Quando me diziam que a vida era feita de escolhas, achava que estavam falando o óbvio. Coisas como futuro profissional, sabor do sorvete e até mesmo qual filme pegar na locadora. Mas hoje penso que eles tentavam me alertar sobre coisas maiores. Comecei a entender num dia comum. Acho que era uma quarta-feira, meio da tarde.
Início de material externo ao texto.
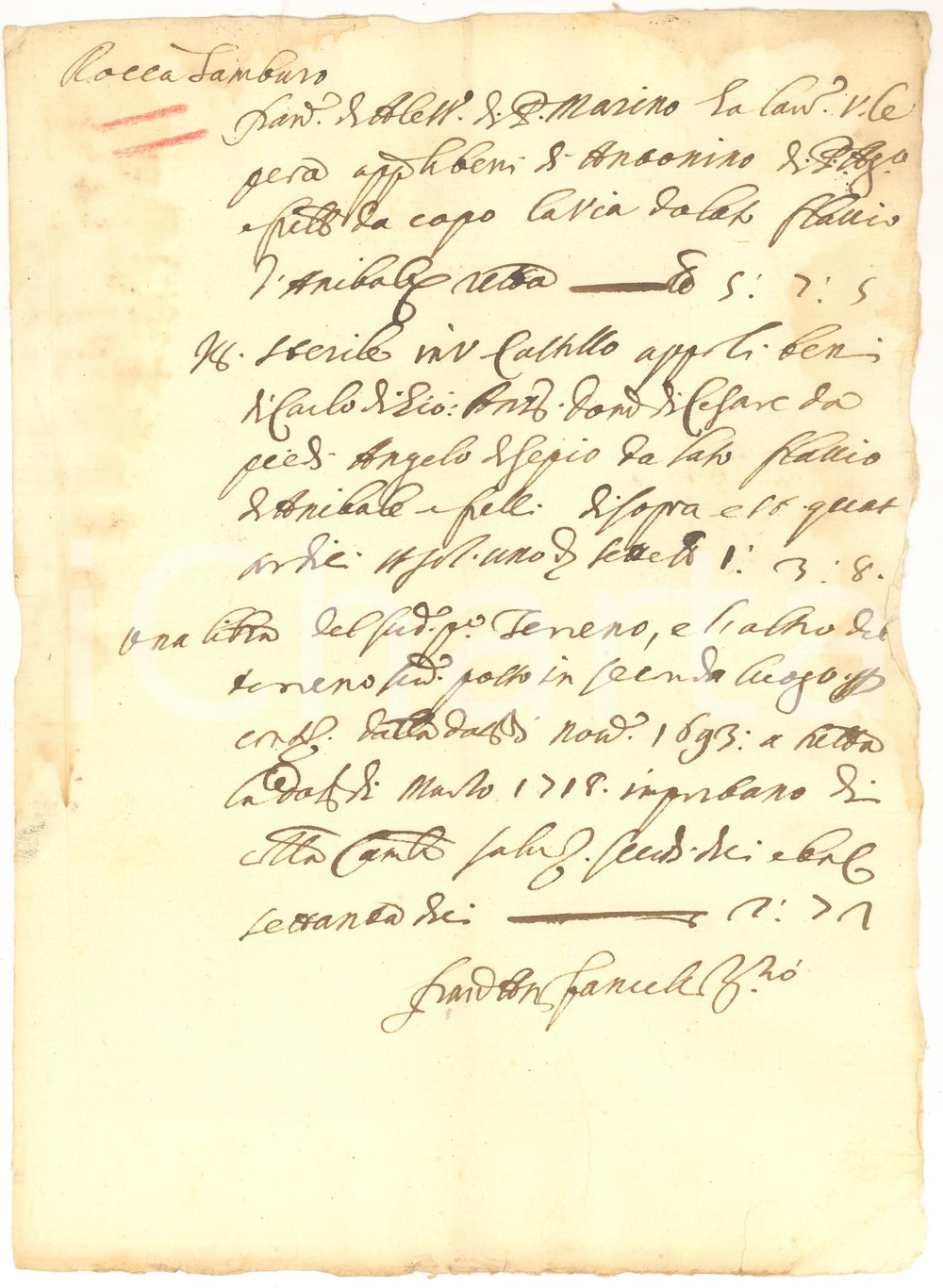 Manoscritto, lettera originale 1718 ROCCATAMBURO PG Terre di Francesco d Alessandro 1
Saí do trabalho para a manicure. O dia tinha sido tranqüilo e conseguira desligar meu computador com antecedência suficiente para tomar um café, num lugar agradável, entre o escritório e o salão de beleza. Sentei-me ao balcão e pedi um expresso com uma gota de leite. Quase ao mesmo tempo, ouvi o homem que pedia o simples do meu lado. Os cafés chegaram. Chegaram trocados. No primeiro gole, nós percebemos o erro e (só então) nos vimos. A coincidência e o total entendimento no olhar nos fez dar risada. E rimos muito depois disso. Antes que você me pergunte: não, eu não fiz as unhas àquela tarde.
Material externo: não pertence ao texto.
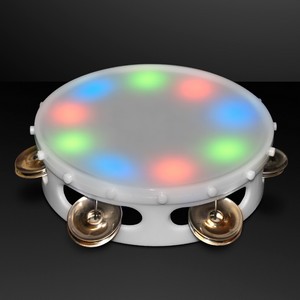 6" Light Up Round Tambourine Toy - PRINTED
Dias depois, passei no mesmo café. Aliás, sempre que passo em frente, olho discretamente. Não que eu saiba que atitude tomaria se o visse ali, provavelmente esperaria que ele tomasse. Esperaria um sorriso seguido do convite – convite igual ao que ele me fez no dia em que trocaram nossas xícaras. Convite para o qual escolhi dizer não. O porquê eu não sei. Muitas hipóteses navegam meu pensamento, mas não escolho nenhuma.
Enquanto faço minhas unhas, imagino sempre o que estaria fazendo se não elas, e ao lado ele. Quando escolho o vermelho 5ª Avenida, lembro que não escolhi jantar com um quase desconhecido, que me parecia tão familiar. As cores de tudo que não é parecem tão mais brilhantes e vivas do que todas as outras. Já tiveram essa sensação? A dúvida menos duvidosa que se pode ter... Fecho os olhos e não são as mãos da manicure que encontram as minhas.
Às vezes, podemos mudar com extrema facilidade. Do vermelho 5ª Avenida para o Canoa, e deste para o Chic e até quem sabe escolho o Volúpia, sem nunca deixar de ser vermelho, ou sem nunca deixar de ser esmalte. Ouvi dizer que existe uma chamada Me Beije, mas esta, eu não sei se ainda posso escolher.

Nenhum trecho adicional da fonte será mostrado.